Fallback (MCP unavailable, or CI/CD): author a YAML manifest from get_resource_schema (kind mk8s) and cpln apply --file mk8s.yaml.

CLI (mk8s)

There is no cpln mk8s create — create via the MCP tools above or cpln apply. The CLI owns the operations with no MCP equivalent:

Command	Purpose
`cpln mk8s get [ref...]` / `query`	read clusters
`cpln mk8s health <ref>`	readiness status of the cluster
`cpln mk8s kubeconfig <ref>`	generate a kubeconfig
`cpln mk8s dashboard <ref>`	open the Kubernetes dashboard
`cpln mk8s join <ref>`	join your own nodes (generic clusters and Hetzner dedicated-server pools)
`cpln mk8s eventlog <ref>`	cluster event log (alias `log`)
`cpln mk8s clone <ref>`	duplicate the spec (alias `copy`)
`cpln mk8s edit / patch / update / delete`	edit YAML / patch metadata / `--set` / remove

cpln mk8s update --set accepts only description, tags.<key>, and spec.version. For provider, node-pool, or add-on changes use update_mk8s_<provider>, cpln mk8s edit, or cpln apply.

BYOK location (register an existing cluster)

For a cluster you already run yourself. All location create/install/uninstall steps are CLI-only — there is no MCP tool.

cpln location create --name CLUSTER — create the BYOK location entry.
cpln location install CLUSTER — prints instructions for obtaining the install script (a signed kubectl apply command).

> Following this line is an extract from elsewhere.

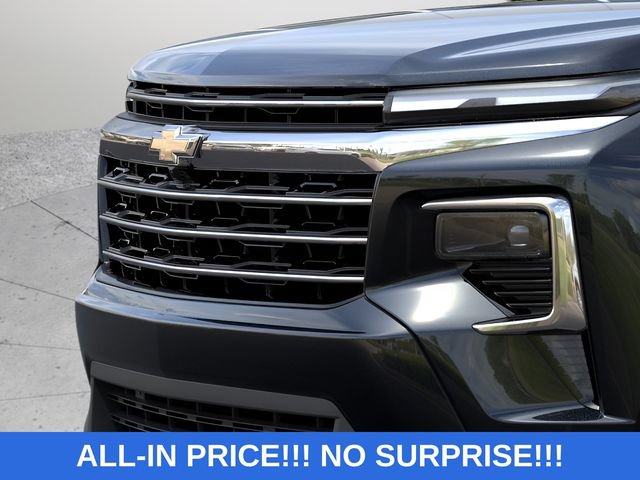 New 2027 Chevrolet Traverse LT w/ Driver Confidence Package FWD image 13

The manifests carry sensitive tokens and are valid for about 5 minutes — run it promptly or regenerate.
Apply it against the target cluster's kubectl context.
Wait for the cpln-byok-agent deployment in the kube-system namespace to become ready: kubectl get pod -l app=cpln-byok-agent -n kube-system.
Add the location to a GVC, then deploy workloads onto it.

Remove with cpln location uninstall CLUSTER and run the printed command on the cluster.

Prerequisites: a cluster within the three most recent Kubernetes minor releases; ≥ 2 nodes (3+ recommended); ≥ 2 CPU and 8 GB RAM per node (4 / 16 recommended); architecture amd64 or arm64; at least one nodegroup labeled cpln.io/nodeType=core; full node-to-node connectivity and egress; a working LoadBalancer controller (a Service of type LoadBalancer must obtain an IP); and no pre-installed service mesh — Control Plane installs its own Istio-based mesh.

Provider notes. GKE: first give the kube-dns Service IP (kubectl get svc -n kube-system kube-dns) to support; then, after Control Plane config is applied, scale kube-dns and kube-dns-autoscaler (in kube-system) to 0 replicas. EKS: enable the Amazon VPC CNI, kube-proxy, CoreDNS, and Amazon EBS CSI Driver add-ons. On-prem/airgapped: contact support.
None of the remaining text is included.